» PROBLEM REQUIREMENTS:
Without including the pictures, copy each line below exactly as it reads.

» GIVEN RECORDS:
[Start of Attachment]
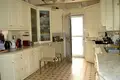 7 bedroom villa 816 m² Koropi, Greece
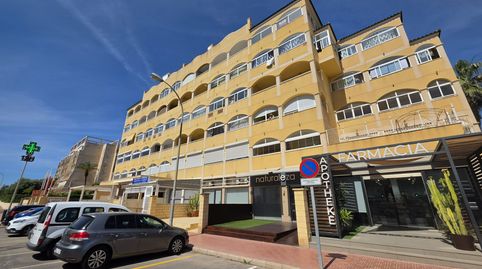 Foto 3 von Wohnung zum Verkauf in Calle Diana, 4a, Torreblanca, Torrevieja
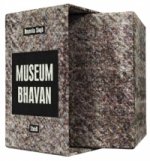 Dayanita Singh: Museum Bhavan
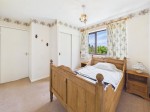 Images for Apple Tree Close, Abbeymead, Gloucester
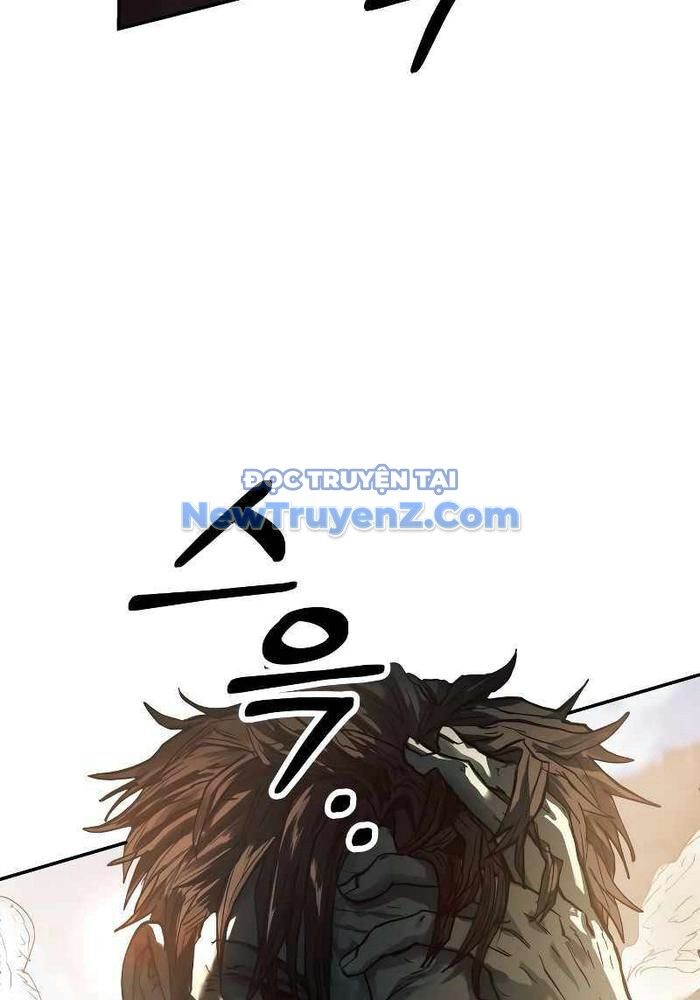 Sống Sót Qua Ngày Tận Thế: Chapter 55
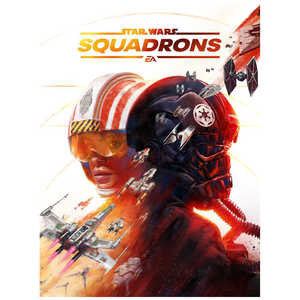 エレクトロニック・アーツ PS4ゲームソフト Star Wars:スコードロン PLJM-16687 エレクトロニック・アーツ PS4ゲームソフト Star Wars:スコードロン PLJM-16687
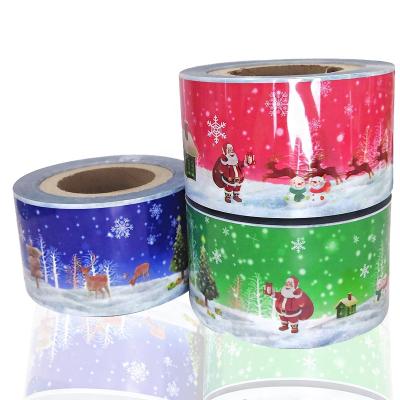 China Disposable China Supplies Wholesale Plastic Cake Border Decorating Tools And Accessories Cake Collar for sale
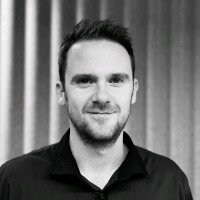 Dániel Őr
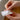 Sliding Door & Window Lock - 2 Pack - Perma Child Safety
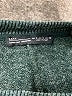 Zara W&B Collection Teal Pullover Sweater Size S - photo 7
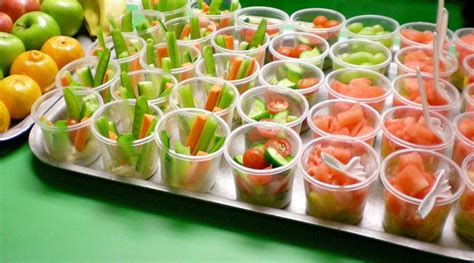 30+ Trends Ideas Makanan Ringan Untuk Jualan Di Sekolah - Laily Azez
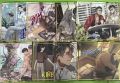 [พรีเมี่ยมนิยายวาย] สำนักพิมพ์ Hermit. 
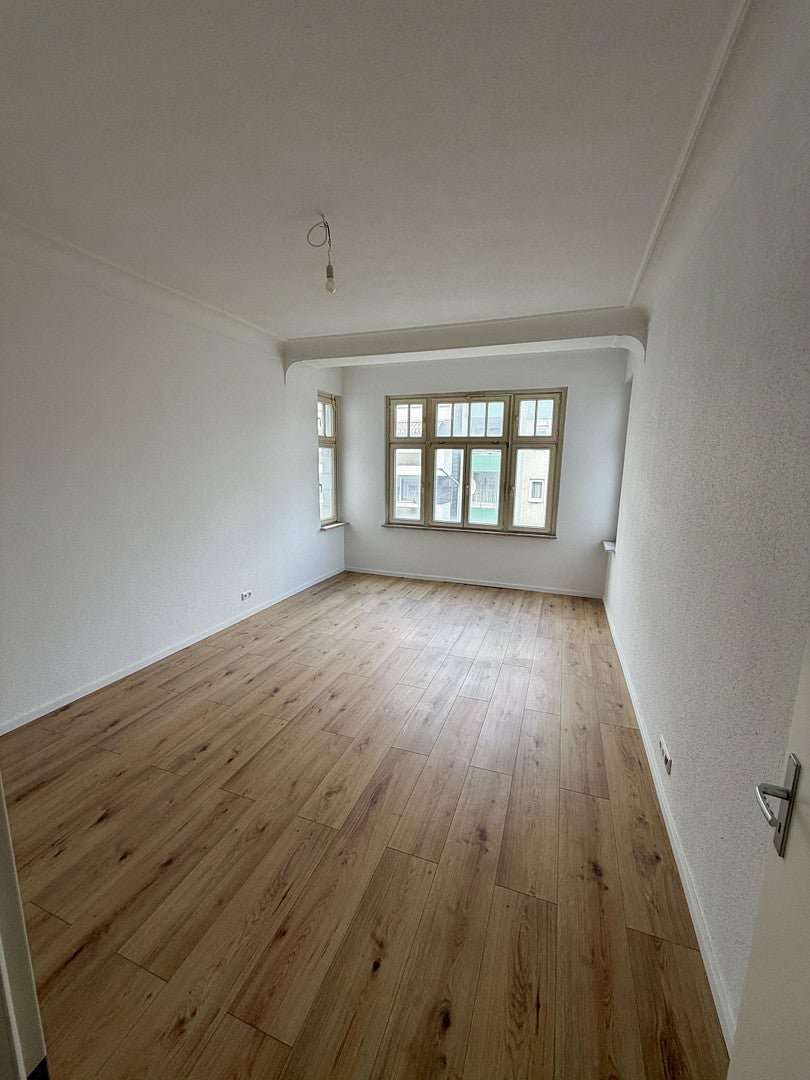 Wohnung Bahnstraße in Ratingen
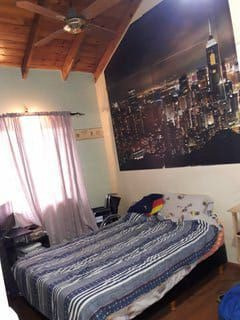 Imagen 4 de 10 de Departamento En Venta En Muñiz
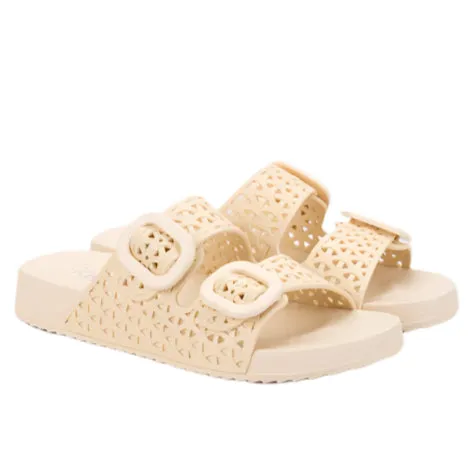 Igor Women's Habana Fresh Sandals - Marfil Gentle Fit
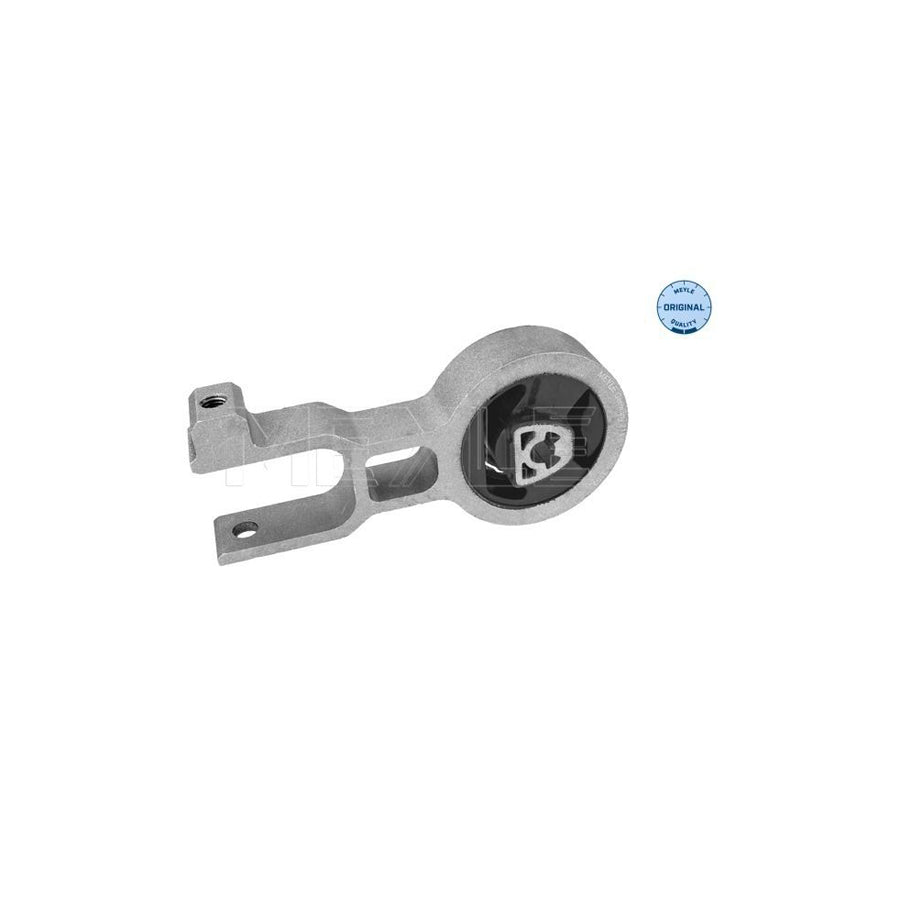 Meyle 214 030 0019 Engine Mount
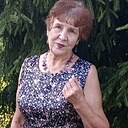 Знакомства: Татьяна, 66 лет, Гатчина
[End of Attachment]
» RESPONSE TO THIS EXERCISE:
 7 bedroom villa 816 m² Koropi, Greece
 Foto 3 von Wohnung zum Verkauf in Calle Diana, 4a, Torreblanca, Torrevieja
 Dayanita Singh: Museum Bhavan
 Images for Apple Tree Close, Abbeymead, Gloucester
 Sống Sót Qua Ngày Tận Thế: Chapter 55
 エレクトロニック・アーツ PS4ゲームソフト Star Wars:スコードロン PLJM-16687 エレクトロニック・アーツ PS4ゲームソフト Star Wars:スコードロン PLJM-16687
 China Disposable China Supplies Wholesale Plastic Cake Border Decorating Tools And Accessories Cake Collar for sale
 Dániel Őr
 Sliding Door & Window Lock - 2 Pack - Perma Child Safety
 Zara W&B Collection Teal Pullover Sweater Size S - photo 7
 30+ Trends Ideas Makanan Ringan Untuk Jualan Di Sekolah - Laily Azez
 [พรีเมี่ยมนิยายวาย] สำนักพิมพ์ Hermit. 
 Wohnung Bahnstraße in Ratingen
 Imagen 4 de 10 de Departamento En Venta En Muñiz
 Igor Women's Habana Fresh Sandals - Marfil Gentle Fit
 Meyle 214 030 0019 Engine Mount
 Знакомства: Татьяна, 66 лет, Гатчина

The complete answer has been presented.